Ekco Radio Continued, Model AC76
Shown here is the Ekco AC76, the first of the "round" Ekco receivers designed by Wells Coates on the classicwireless site. The very first "round" Ekco was the AD65 from 1934, the AC76 from a year later was the second in the series. The cabinet design is similar, sporting a semi-circular tuning scale in the top half of the cabinet. A horizontal bar protects the large expanse of speaker cloth. This is the much rarer black and chrome cabinet, though the set also came in mottled brown bakelite. Unlike the Ekco AC85 seen already and the AC86 on the next page, this particular example has not as yet undergone restoration. However as may be seen it is completely original inside, even the paper block electrolytics are still remaining.
This receiver will be rebuilt concealing new components within the old capacitors and rebuilding them as seen on the AC85 and AC86. This receiver came to form part of the collection as a result of this site, so I have some idea of its history. It was originally bought in Plymouth, and remained there in the same family for all its life until recently. It was used as a kitchen radio until the 1960s. During WWII it was kept on the fireplace mantel and used to follow the latest wartime news. Since Plymouth was an important military naval base at the time the area drew attention from overhead bombing, and one such localised explosion blew the radio off its position on the mantelpiece. Perhaps giving a lie to the vulnerability of bakelite the cabinet survived intact, though regrettably one of the family resident in the house at the time lost their life during the raid.

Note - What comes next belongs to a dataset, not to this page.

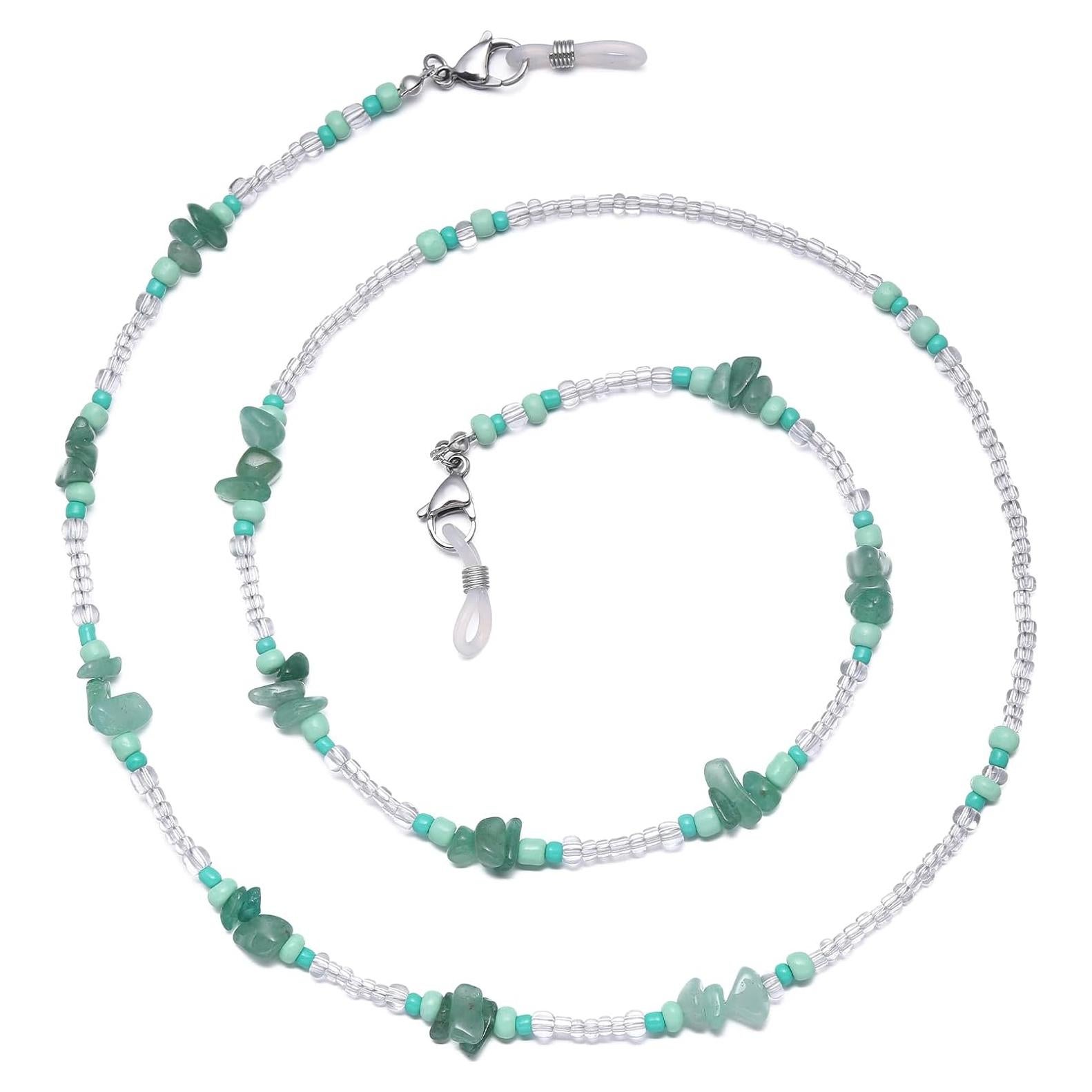 Cadena de Gafas YN02 con Perlas y Cristales Verde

The radio is quite easy to work on, as the entire chassis including speaker can be removed from the cabinet as a single assembly. Like the AC85 already seen, the AC76 incorporates a Noise Suppressor control. This control is to the right hand side of the cabinet placed lower down so that it does not detract from the appearance of the receiver. The control is continuously variable, and the knob is calibrated "Strong", allowing only the most powerful transmitting stations to be tuned in, as it applies a lot of suppression. The purpose of the control at that position is to suppress weaker stations and local noise, so only stations capable of overwhelming local noise would be received. As the control is advanced to the "Medium" position a greater choice of stations would be heard, this position being intended for areas of reduced local noise (e.g. no adjacent tram tracks or refrigerator compressors). At the "All Stations" position at the far end of the control's travel minimal suppression is applied, so all stations as well as any local noise would be heard. The receiver offered sockets for an extension speaker, and also for a gramophone pick-up.
The cabinet is larger than people often imagine it to be at 16 ½" x 10". It cost £12.1.6 in black and chrome as shown, or £11.11.0 in mottled "walnut" brown. Valve line-up is FC4, AC/VP1, V914, AC2/PEN, UU3.